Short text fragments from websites
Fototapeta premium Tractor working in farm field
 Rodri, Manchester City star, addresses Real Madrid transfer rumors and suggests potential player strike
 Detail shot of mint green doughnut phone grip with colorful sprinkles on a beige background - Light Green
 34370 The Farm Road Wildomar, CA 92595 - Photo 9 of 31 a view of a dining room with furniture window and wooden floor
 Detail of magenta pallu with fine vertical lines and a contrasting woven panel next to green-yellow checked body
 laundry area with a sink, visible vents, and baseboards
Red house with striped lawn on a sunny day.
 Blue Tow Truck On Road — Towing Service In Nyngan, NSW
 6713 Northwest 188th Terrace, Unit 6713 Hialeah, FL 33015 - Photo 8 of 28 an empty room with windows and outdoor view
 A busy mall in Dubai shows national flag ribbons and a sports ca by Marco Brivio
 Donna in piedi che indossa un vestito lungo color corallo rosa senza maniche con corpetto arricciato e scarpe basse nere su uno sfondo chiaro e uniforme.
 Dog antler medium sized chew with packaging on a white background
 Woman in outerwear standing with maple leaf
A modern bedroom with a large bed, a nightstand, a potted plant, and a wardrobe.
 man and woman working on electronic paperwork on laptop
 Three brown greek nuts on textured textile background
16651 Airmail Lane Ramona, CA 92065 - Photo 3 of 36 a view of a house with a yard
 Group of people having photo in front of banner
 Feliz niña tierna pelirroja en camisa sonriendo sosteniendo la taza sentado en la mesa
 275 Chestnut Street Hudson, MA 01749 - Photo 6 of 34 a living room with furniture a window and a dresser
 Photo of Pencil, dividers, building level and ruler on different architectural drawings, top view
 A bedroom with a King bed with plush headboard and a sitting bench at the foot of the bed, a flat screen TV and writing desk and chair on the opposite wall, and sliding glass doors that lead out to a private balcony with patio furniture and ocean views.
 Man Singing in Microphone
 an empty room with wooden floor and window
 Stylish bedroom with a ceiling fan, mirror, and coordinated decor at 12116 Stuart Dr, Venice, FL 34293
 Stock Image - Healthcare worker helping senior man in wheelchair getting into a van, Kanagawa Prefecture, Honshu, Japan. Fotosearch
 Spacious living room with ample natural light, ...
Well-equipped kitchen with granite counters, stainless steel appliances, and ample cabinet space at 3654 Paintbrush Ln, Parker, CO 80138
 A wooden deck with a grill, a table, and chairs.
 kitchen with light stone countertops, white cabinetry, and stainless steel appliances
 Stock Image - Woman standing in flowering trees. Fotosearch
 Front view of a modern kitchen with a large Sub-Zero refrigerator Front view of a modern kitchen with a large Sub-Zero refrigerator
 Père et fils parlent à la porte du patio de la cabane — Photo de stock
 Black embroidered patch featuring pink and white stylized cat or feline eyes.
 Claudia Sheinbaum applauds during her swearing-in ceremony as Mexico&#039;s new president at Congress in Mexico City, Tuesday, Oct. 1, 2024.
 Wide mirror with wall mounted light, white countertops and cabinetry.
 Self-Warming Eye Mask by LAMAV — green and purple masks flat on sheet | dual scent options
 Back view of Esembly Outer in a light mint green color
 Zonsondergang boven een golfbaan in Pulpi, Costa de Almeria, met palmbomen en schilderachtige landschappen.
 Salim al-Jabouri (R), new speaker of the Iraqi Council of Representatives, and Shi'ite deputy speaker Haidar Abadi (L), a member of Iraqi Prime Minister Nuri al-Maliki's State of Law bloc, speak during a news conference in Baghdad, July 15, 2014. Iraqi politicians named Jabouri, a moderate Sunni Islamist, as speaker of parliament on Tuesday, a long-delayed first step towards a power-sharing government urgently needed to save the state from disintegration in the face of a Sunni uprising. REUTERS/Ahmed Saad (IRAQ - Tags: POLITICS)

- TO DO
What is needed is an exact reproduction of the data.

- YOUR RESPONSE
Fototapeta premium Tractor working in farm field
 Rodri, Manchester City star, addresses Real Madrid transfer rumors and suggests potential player strike
 Detail shot of mint green doughnut phone grip with colorful sprinkles on a beige background - Light Green
 34370 The Farm Road Wildomar, CA 92595 - Photo 9 of 31 a view of a dining room with furniture window and wooden floor
 Detail of magenta pallu with fine vertical lines and a contrasting woven panel next to green-yellow checked body
 laundry area with a sink, visible vents, and baseboards
Red house with striped lawn on a sunny day.
 Blue Tow Truck On Road — Towing Service In Nyngan, NSW
 6713 Northwest 188th Terrace, Unit 6713 Hialeah, FL 33015 - Photo 8 of 28 an empty room with windows and outdoor view
 A busy mall in Dubai shows national flag ribbons and a sports ca by Marco Brivio
 Donna in piedi che indossa un vestito lungo color corallo rosa senza maniche con corpetto arricciato e scarpe basse nere su uno sfondo chiaro e uniforme.
 Dog antler medium sized chew with packaging on a white background
 Woman in outerwear standing with maple leaf
A modern bedroom with a large bed, a nightstand, a potted plant, and a wardrobe.
 man and woman working on electronic paperwork on laptop
 Three brown greek nuts on textured textile background
16651 Airmail Lane Ramona, CA 92065 - Photo 3 of 36 a view of a house with a yard
 Group of people having photo in front of banner
 Feliz niña tierna pelirroja en camisa sonriendo sosteniendo la taza sentado en la mesa
 275 Chestnut Street Hudson, MA 01749 - Photo 6 of 34 a living room with furniture a window and a dresser
 Photo of Pencil, dividers, building level and ruler on different architectural drawings, top view
 A bedroom with a King bed with plush headboard and a sitting bench at the foot of the bed, a flat screen TV and writing desk and chair on the opposite wall, and sliding glass doors that lead out to a private balcony with patio furniture and ocean views.
 Man Singing in Microphone
 an empty room with wooden floor and window
 Stylish bedroom with a ceiling fan, mirror, and coordinated decor at 12116 Stuart Dr, Venice, FL 34293
 Stock Image - Healthcare worker helping senior man in wheelchair getting into a van, Kanagawa Prefecture, Honshu, Japan. Fotosearch
 Spacious living room with ample natural light, ...
Well-equipped kitchen with granite counters, stainless steel appliances, and ample cabinet space at 3654 Paintbrush Ln, Parker, CO 80138
 A wooden deck with a grill, a table, and chairs.
 kitchen with light stone countertops, white cabinetry, and stainless steel appliances
 Stock Image - Woman standing in flowering trees. Fotosearch
 Front view of a modern kitchen with a large Sub-Zero refrigerator Front view of a modern kitchen with a large Sub-Zero refrigerator
 Père et fils parlent à la porte du patio de la cabane — Photo de stock
 Black embroidered patch featuring pink and white stylized cat or feline eyes.
 Claudia Sheinbaum applauds during her swearing-in ceremony as Mexico&#039;s new president at Congress in Mexico City, Tuesday, Oct. 1, 2024.
 Wide mirror with wall mounted light, white countertops and cabinetry.
 Self-Warming Eye Mask by LAMAV — green and purple masks flat on sheet | dual scent options
 Back view of Esembly Outer in a light mint green color
 Zonsondergang boven een golfbaan in Pulpi, Costa de Almeria, met palmbomen en schilderachtige landschappen.
 Salim al-Jabouri (R), new speaker of the Iraqi Council of Representatives, and Shi'ite deputy speaker Haidar Abadi (L), a member of Iraqi Prime Minister Nuri al-Maliki's State of Law bloc, speak during a news conference in Baghdad, July 15, 2014. Iraqi politicians named Jabouri, a moderate Sunni Islamist, as speaker of parliament on Tuesday, a long-delayed first step towards a power-sharing government urgently needed to save the state from disintegration in the face of a Sunni uprising. REUTERS/Ahmed Saad (IRAQ - Tags: POLITICS)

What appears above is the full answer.